[Caption-style text data]
*-*-*

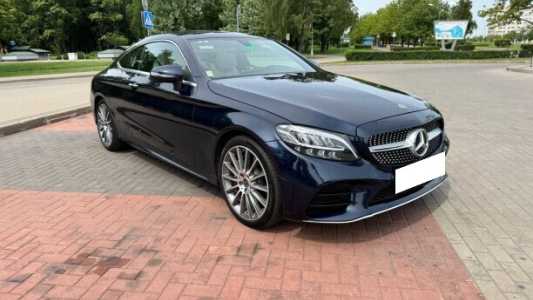 Mercedes-Benz C-Класс W205, S205, C205, A205 Рестайлинг, 2018, пробег 70835 км Mercedes-Benz C-Класс W205, S205, C205, A205 Рестайлинг, 2018, пробег 70835 км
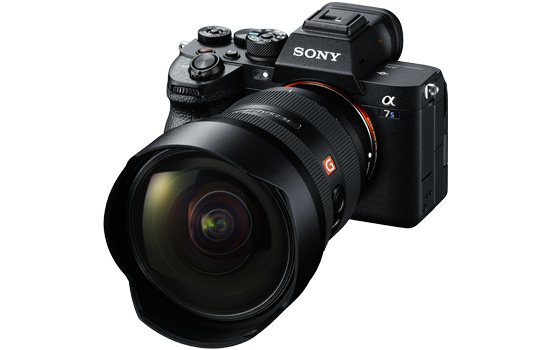 α7S III 特長 : 充実したミラーレス専用設計レンズ | デジタル一眼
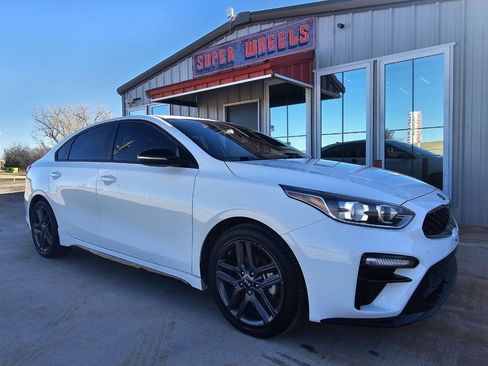 Used 2020 Kia Forte GT-Line image 5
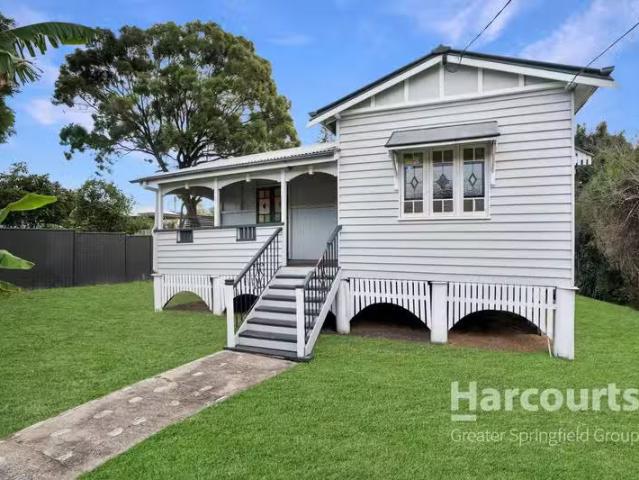 Unique 53 Frederick Street, NEWTOWN, QLD 4305 House for Rent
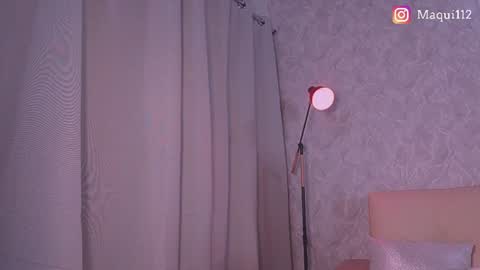 Snapshot of maquiii chatting on 07/15/26, 12:38 Maquii online show from 07/15/26, 12:38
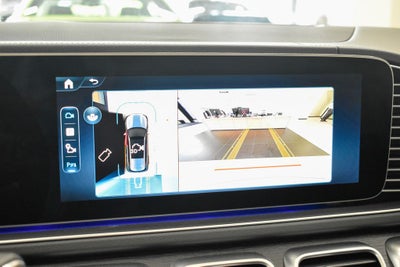2026 Mercedes-Benz GLS GLS 450 4MATIC®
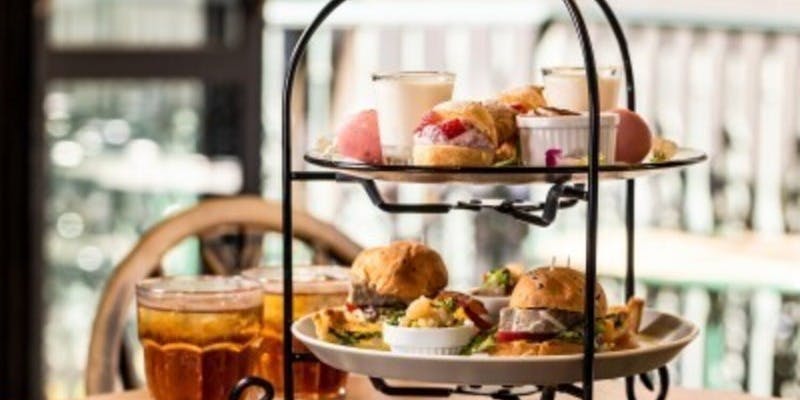 【AFTERNOON TEA（苺）】＋カフェフリー（12/26～）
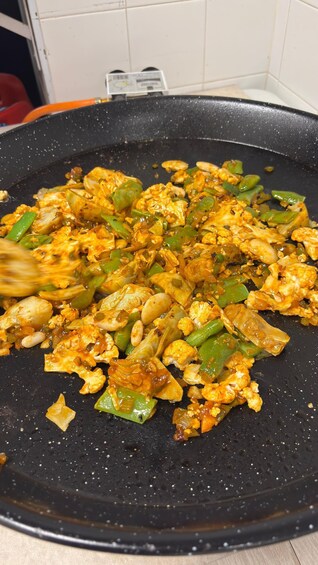 Picture 75 for Activity Madrid, Centro: Paella Cooking Class with Sangria & Tapas 2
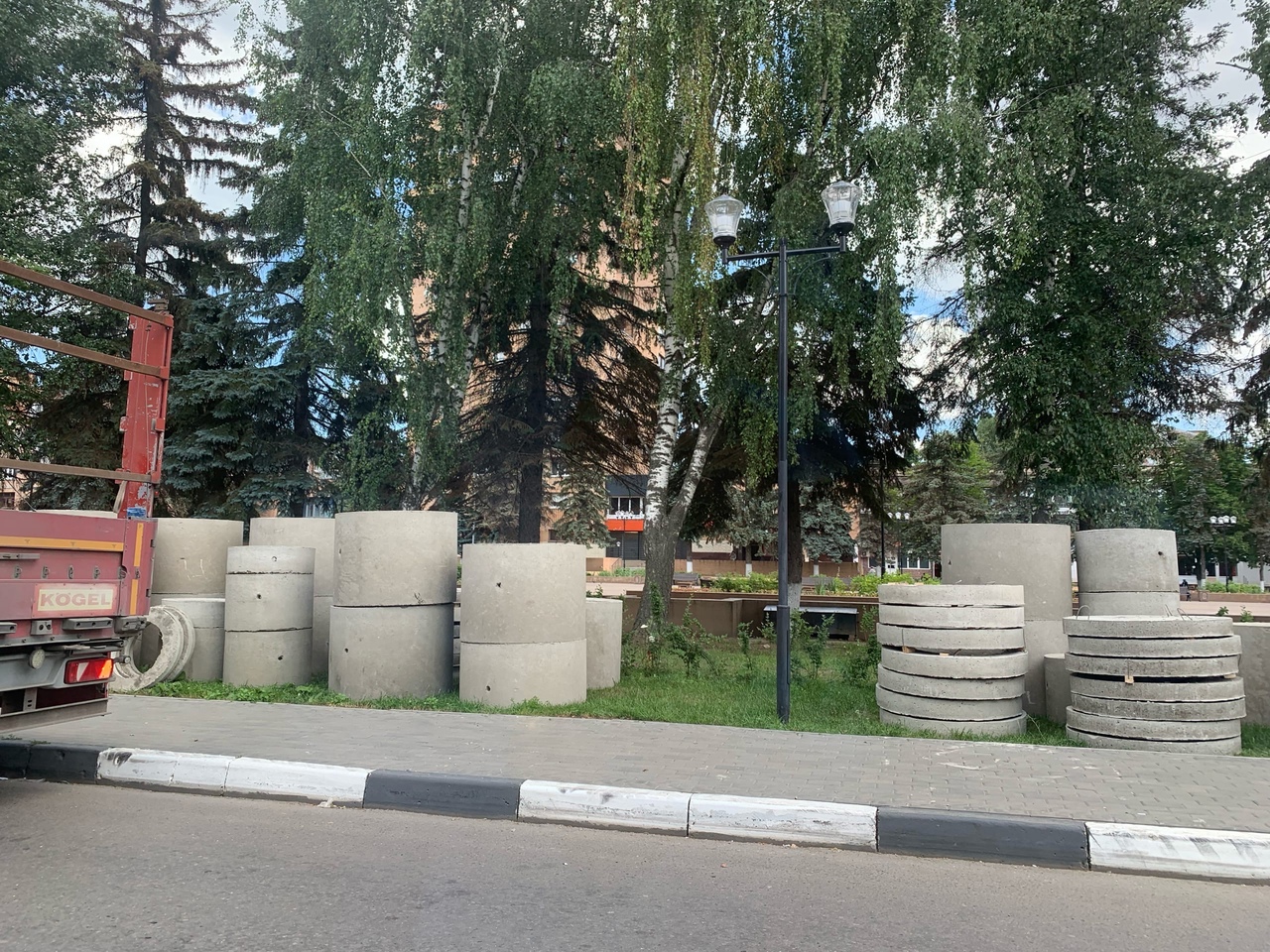 Ливневка станет лучше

*-*-*

#### [Problem requirements]
Write out the entries word for word. Skip the pictures.

#### [Result for this task]
 Mercedes-Benz C-Класс W205, S205, C205, A205 Рестайлинг, 2018, пробег 70835 км Mercedes-Benz C-Класс W205, S205, C205, A205 Рестайлинг, 2018, пробег 70835 км
 α7S III 特長 : 充実したミラーレス専用設計レンズ | デジタル一眼
 Used 2020 Kia Forte GT-Line image 5
 Unique 53 Frederick Street, NEWTOWN, QLD 4305 House for Rent
 Snapshot of maquiii chatting on 07/15/26, 12:38 Maquii online show from 07/15/26, 12:38
2026 Mercedes-Benz GLS GLS 450 4MATIC®
 【AFTERNOON TEA（苺）】＋カフェフリー（12/26～）
 Picture 75 for Activity Madrid, Centro: Paella Cooking Class with Sangria & Tapas 2
 Ливневка станет лучше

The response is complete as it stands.